Studies have also linked an increase in heat waves to more increase in El Nino events, or years marked by an anomalous heating in the Central Pacific Ocean that’s linked to a weakening of the Indian monsoon.
The Indian Ocean temperatures are also rising faster than the other oceans, and this, too, may be reducing moisture over the Indian mainland, thus playing some part in longer stretches of hot days. Deforestation, the heat-island effect, and industrial pollution are also being blamed for exacerbating heat waves.
How do Heatwaves impact us?
Severe heat waves have caused catastrophic crop failures, thousands of deaths from hyperthermia, and widespread power outages due to increased use of air conditioning
The health impacts of Heat Waves typically involve dehydration, heat cramps, heat exhaustion and/or heat stroke. The signs and symptoms are as follows:
- Heat Cramps: Ederna (swelling) and Syncope (Fainting) generally accompanied by fever below 39*C i.e.102*F.

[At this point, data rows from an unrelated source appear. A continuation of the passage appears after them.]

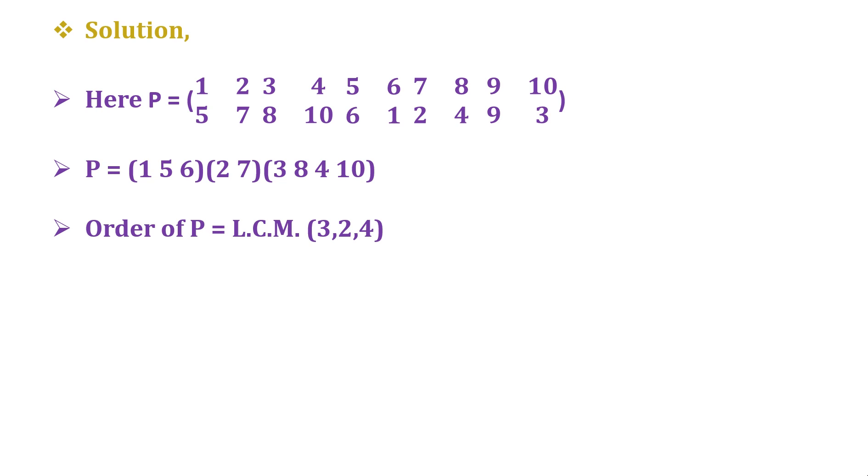The formula is LCM of the order of the disjoint cycles, that is LCM of 3, 2, and 4, which equals 12. Therefore, the correct answer is option D.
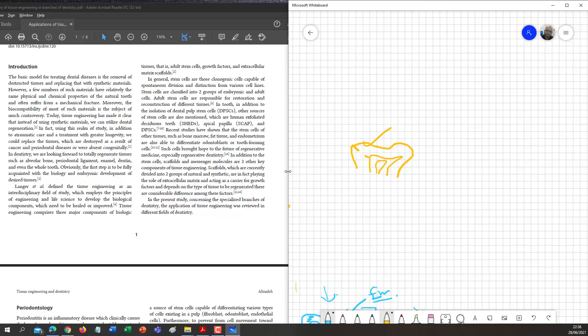Then we have the field of maxillofacial surgery. Maxillofacial surgery deals with accidents to the face — the upper jaw and surrounding facial bones. In this area, we restore things using plates and bone plates. It is small in the oral cavity and in the facial region, and we need to restore all of this from tissue engineering.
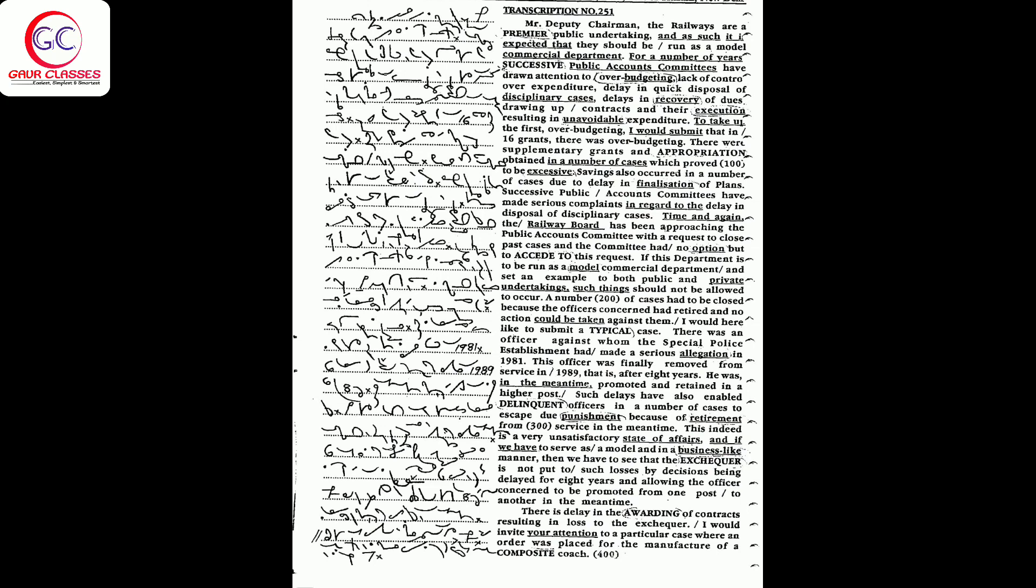There is delay in the awarding of contracts resulting in loss to the exchequer. I would invite your attention to a particular case where an order was placed for the manufacture of a composite coach.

- Heat Exhaustion: Fatigue, weakness, dizziness, headache, nausea, vomiting, muscle cramps and sweating.
- Heat Stoke: Body temperatures of 40*C i.e. 104*F or more along with delirium, seizures or coma. This is a potential fatal condition.
What is India doing to tackle Heatwave disaster?
National Disaster Management Authority is guiding States, in partnership with the India Meteorological Department, to evolve heat action plan protocols.
Better meteorological forecasting can provide an early warning about a coming hot spell during the summer window. This gives the NDMA and the States sufficient opportunity to launch an action protocol: to inform the public as soon as the temperature crosses the threshold fixed by the IMD, advise on precautionary measures, and aid those who are most vulnerable, such as older adults, farm workers and those pursuing outdoor vocations.
Several initiatives by the government, including early-warnings and improved public access to drinking water have been taken by government.
Ahmedabad, for instance, drew up a city-level action plan in the wake of its 46.8°C heatwave of 2010 with support from public health institutions.